— WHAT NEEDS TO BE DONE —
For this exercise, output the entries below exactly from the line that holds "Гостевой дом Монашенское" to the line that holds "ELECTRIC BLUE II Chorus-Vibrato", both ends included. No pictures belong in the copy.

— PROVIDED MATERIAL —
****************

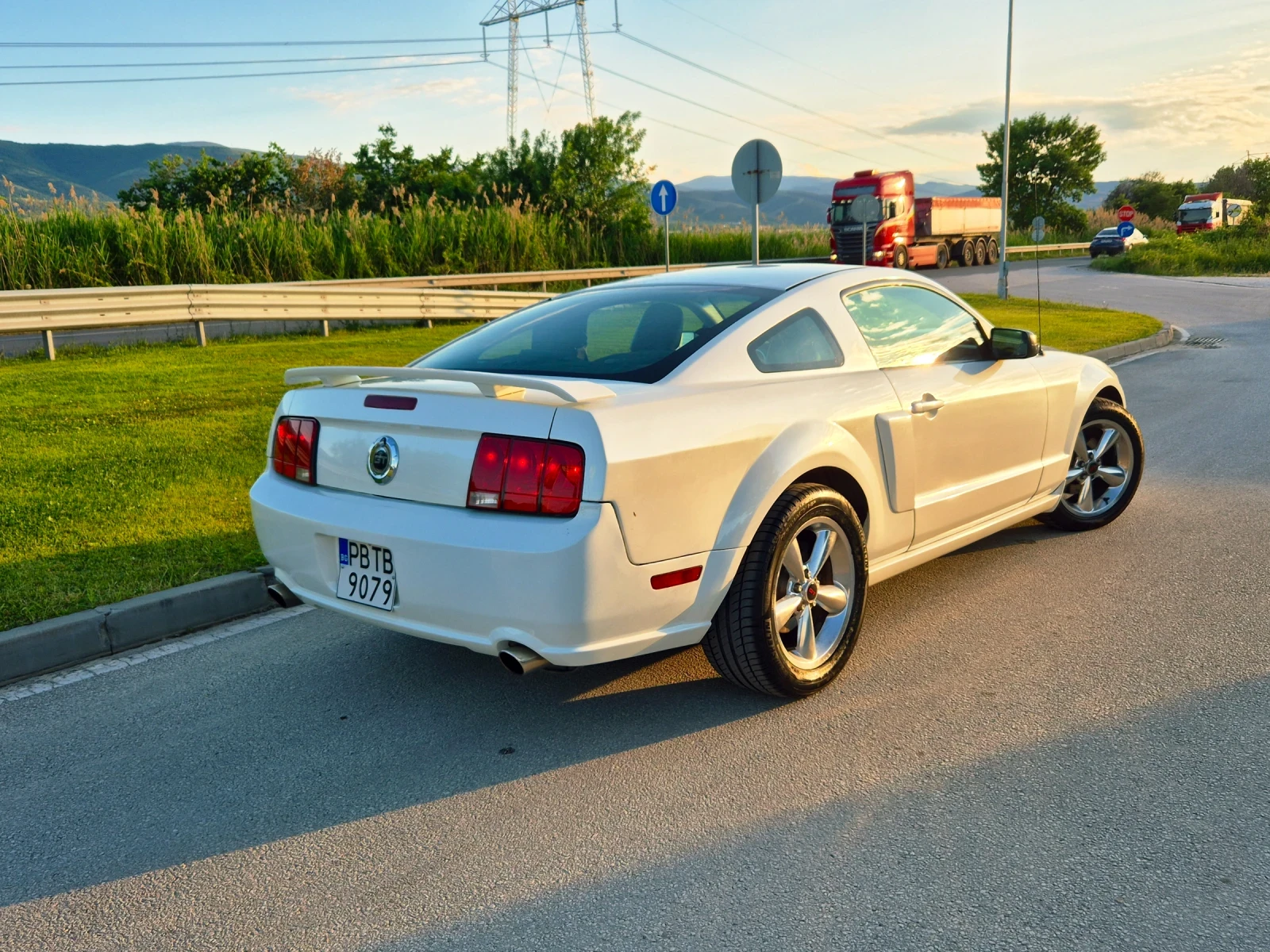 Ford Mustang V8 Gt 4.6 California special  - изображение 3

****************

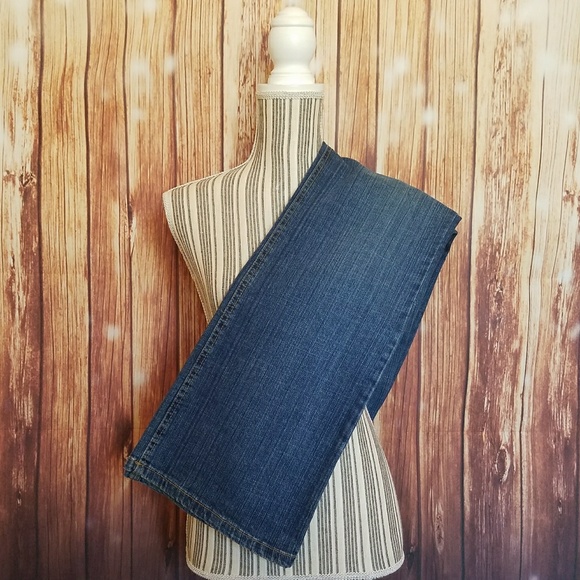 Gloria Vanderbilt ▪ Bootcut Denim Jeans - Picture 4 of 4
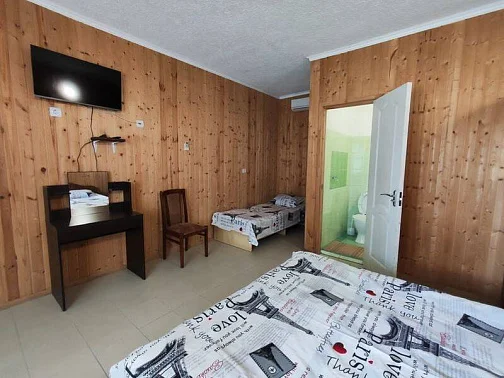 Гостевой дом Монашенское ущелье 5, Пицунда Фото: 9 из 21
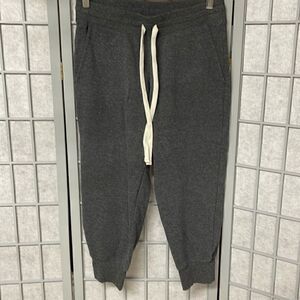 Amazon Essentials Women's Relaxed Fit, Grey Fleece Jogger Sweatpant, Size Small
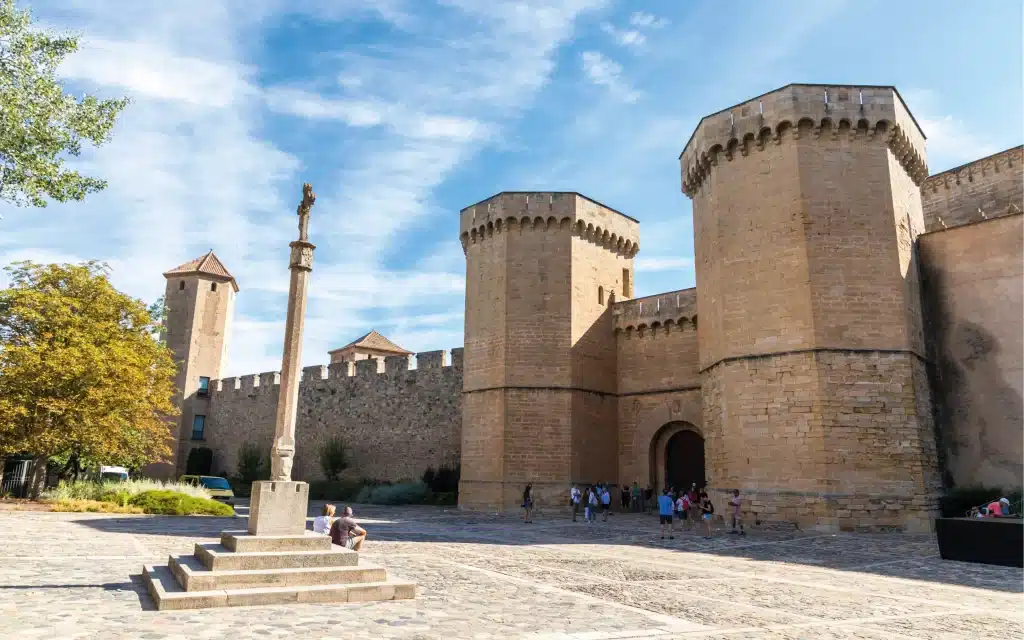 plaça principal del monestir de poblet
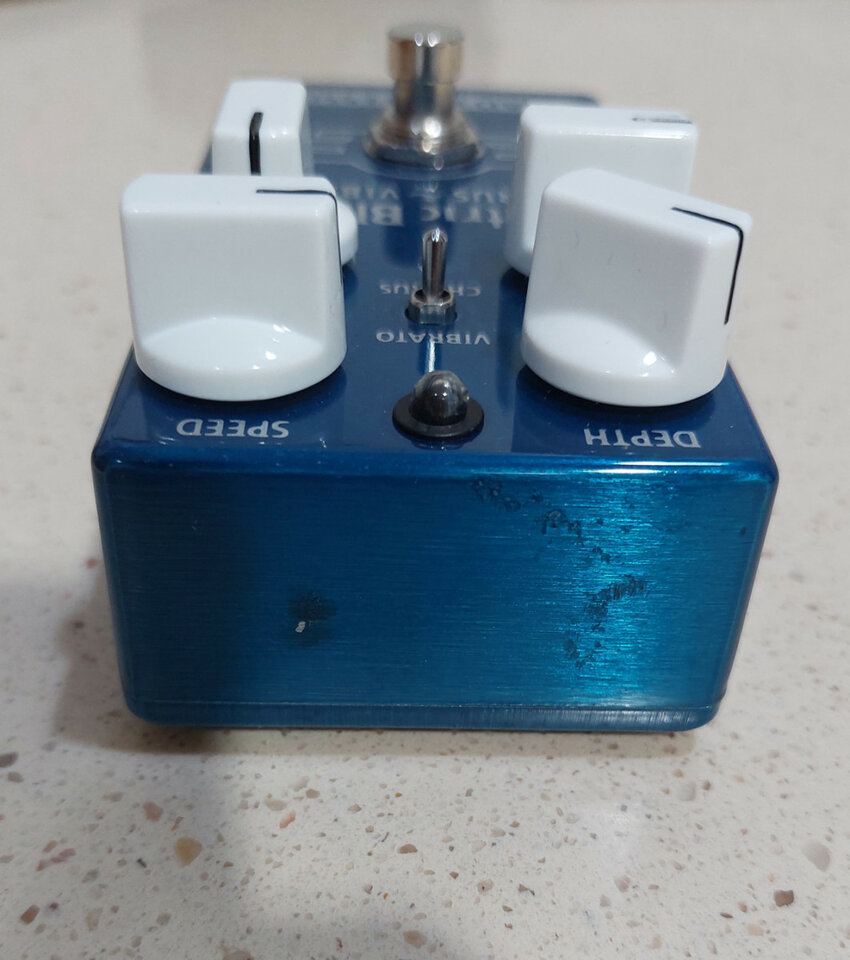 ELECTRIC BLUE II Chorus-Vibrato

****************

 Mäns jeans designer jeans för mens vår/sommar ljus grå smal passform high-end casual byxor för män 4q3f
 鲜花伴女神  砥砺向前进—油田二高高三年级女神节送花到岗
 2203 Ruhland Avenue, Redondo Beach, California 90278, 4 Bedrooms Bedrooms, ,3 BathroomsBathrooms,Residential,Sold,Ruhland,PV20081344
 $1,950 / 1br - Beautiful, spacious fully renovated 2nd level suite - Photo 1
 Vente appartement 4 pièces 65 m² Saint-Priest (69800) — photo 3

****************

— OUTPUT FOR THIS TASK —
 Гостевой дом Монашенское ущелье 5, Пицунда Фото: 9 из 21
 Amazon Essentials Women's Relaxed Fit, Grey Fleece Jogger Sweatpant, Size Small
 plaça principal del monestir de poblet
 ELECTRIC BLUE II Chorus-Vibrato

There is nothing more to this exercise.